Brief descriptive captions
------------
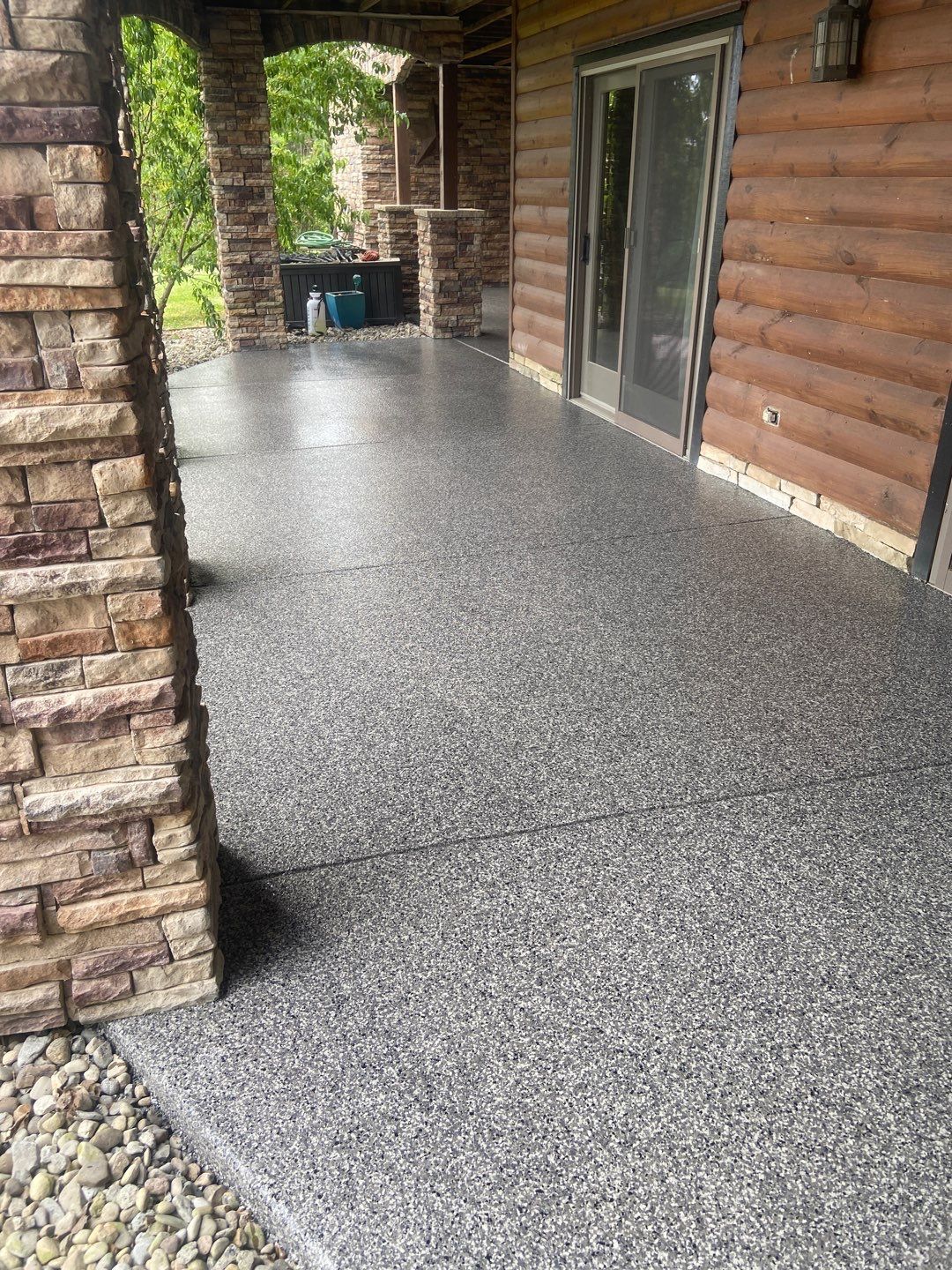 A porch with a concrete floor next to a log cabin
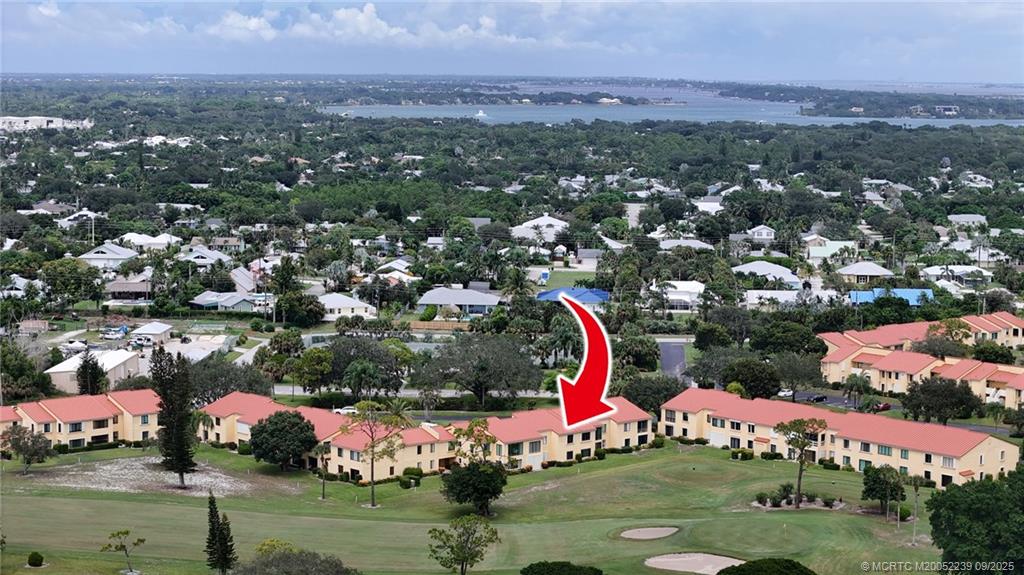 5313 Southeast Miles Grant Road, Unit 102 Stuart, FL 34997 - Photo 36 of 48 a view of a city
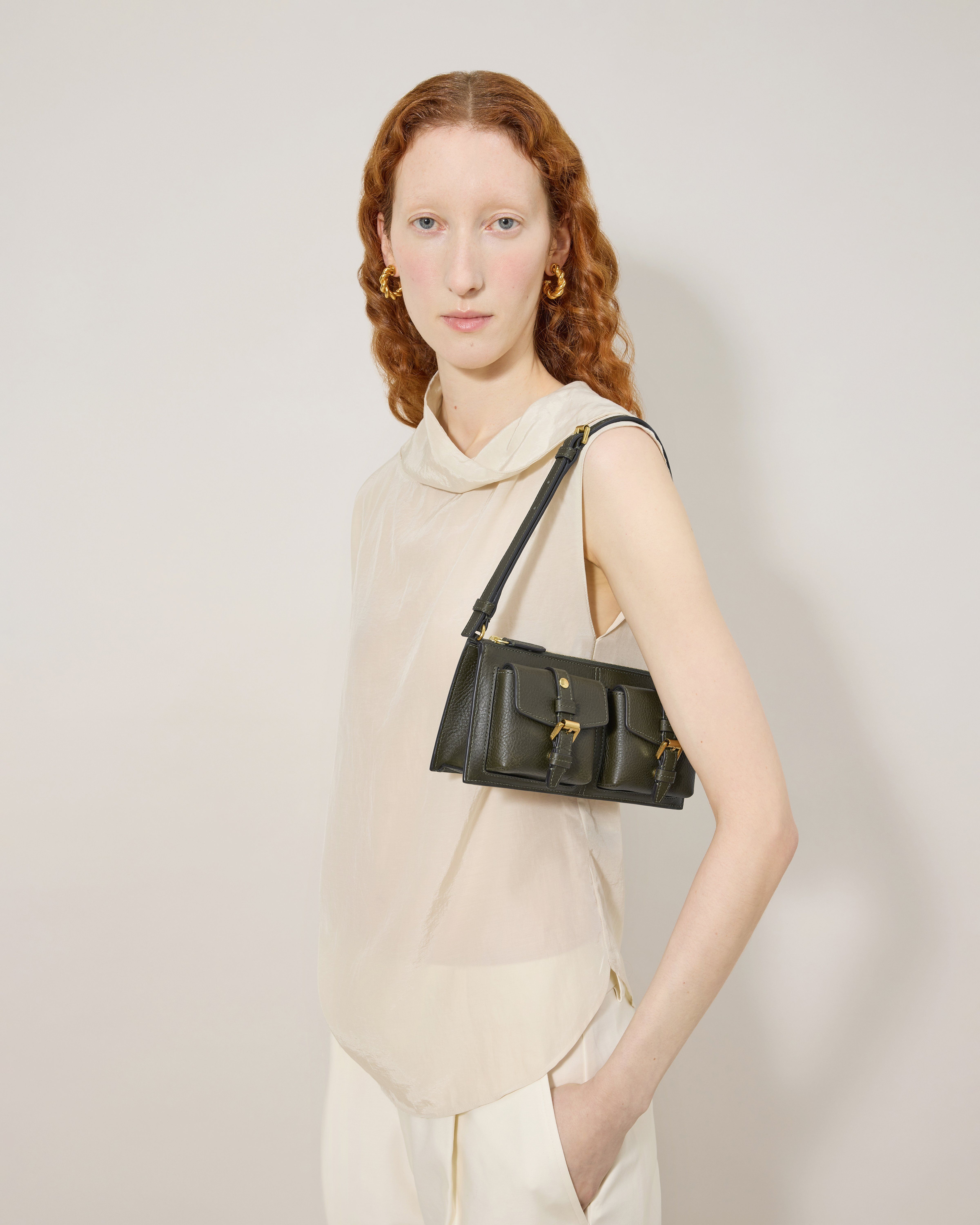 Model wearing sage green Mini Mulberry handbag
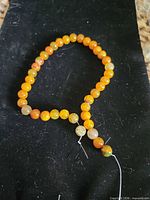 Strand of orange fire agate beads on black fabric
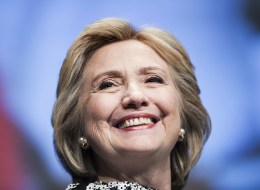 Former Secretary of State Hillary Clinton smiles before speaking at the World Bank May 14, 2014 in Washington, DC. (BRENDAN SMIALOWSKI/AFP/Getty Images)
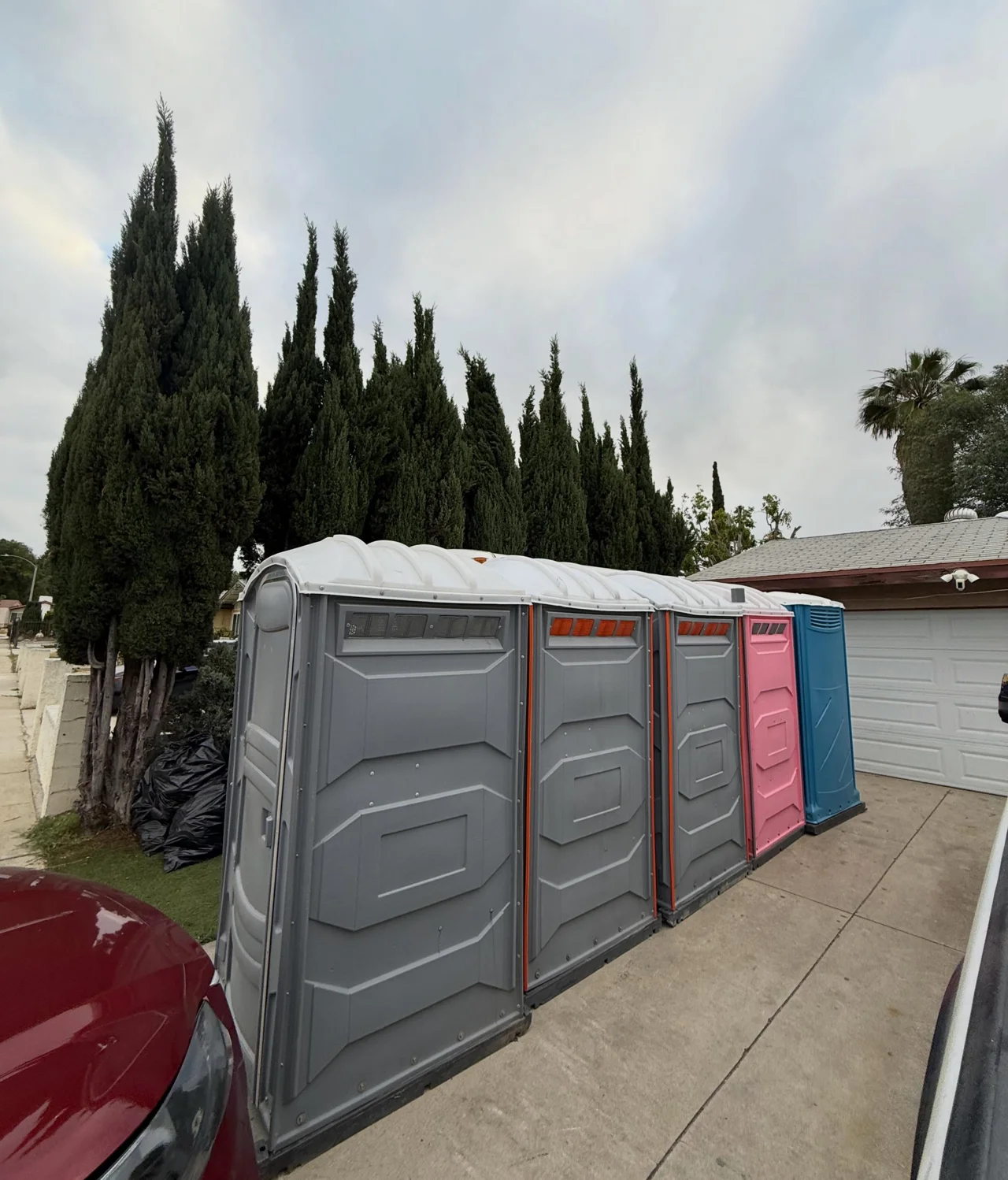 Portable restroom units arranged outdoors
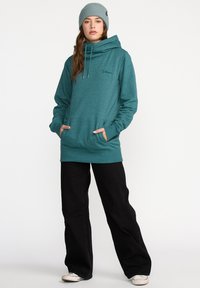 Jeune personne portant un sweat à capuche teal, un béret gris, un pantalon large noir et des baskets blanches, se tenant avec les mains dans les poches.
------------
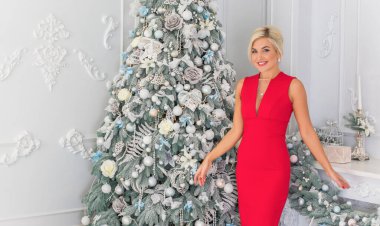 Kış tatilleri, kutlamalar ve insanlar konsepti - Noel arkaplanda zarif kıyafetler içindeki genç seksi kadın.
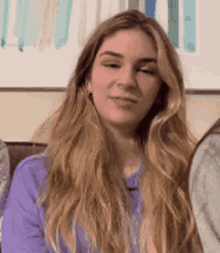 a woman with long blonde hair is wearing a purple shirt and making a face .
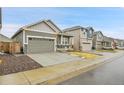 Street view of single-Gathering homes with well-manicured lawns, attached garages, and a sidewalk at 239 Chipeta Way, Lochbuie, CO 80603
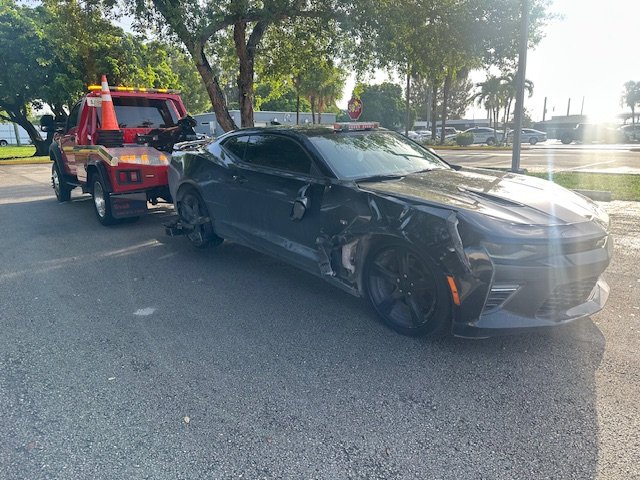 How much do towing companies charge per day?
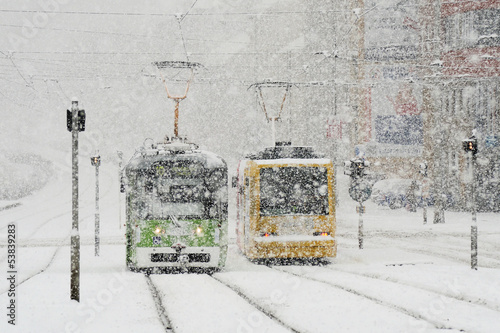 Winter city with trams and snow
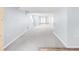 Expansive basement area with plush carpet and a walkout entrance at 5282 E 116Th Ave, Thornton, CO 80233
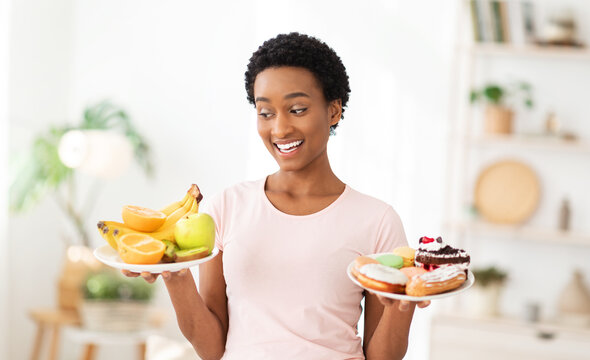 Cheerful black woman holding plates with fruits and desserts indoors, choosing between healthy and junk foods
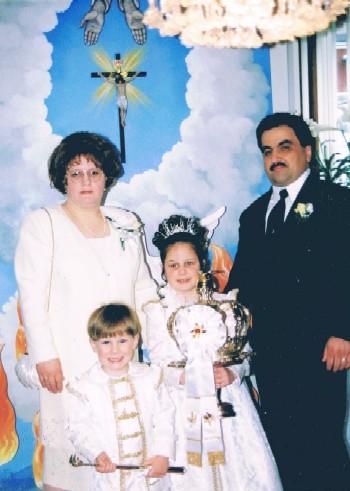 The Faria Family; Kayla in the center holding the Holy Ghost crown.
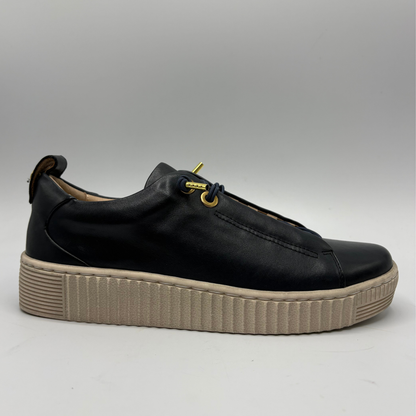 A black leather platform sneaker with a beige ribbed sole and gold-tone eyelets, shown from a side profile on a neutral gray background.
------------
Exercise directions – Return exactly the lines that appear in the data above between the line containing "A porch with" and the line containing "Jeune personne portant", both of which are included, and leave the pictures out.

Exercise solution –
 A porch with a concrete floor next to a log cabin
 5313 Southeast Miles Grant Road, Unit 102 Stuart, FL 34997 - Photo 36 of 48 a view of a city
 Model wearing sage green Mini Mulberry handbag
 Strand of orange fire agate beads on black fabric
 Former Secretary of State Hillary Clinton smiles before speaking at the World Bank May 14, 2014 in Washington, DC. (BRENDAN SMIALOWSKI/AFP/Getty Images)
 Portable restroom units arranged outdoors
 Jeune personne portant un sweat à capuche teal, un béret gris, un pantalon large noir et des baskets blanches, se tenant avec les mains dans les poches.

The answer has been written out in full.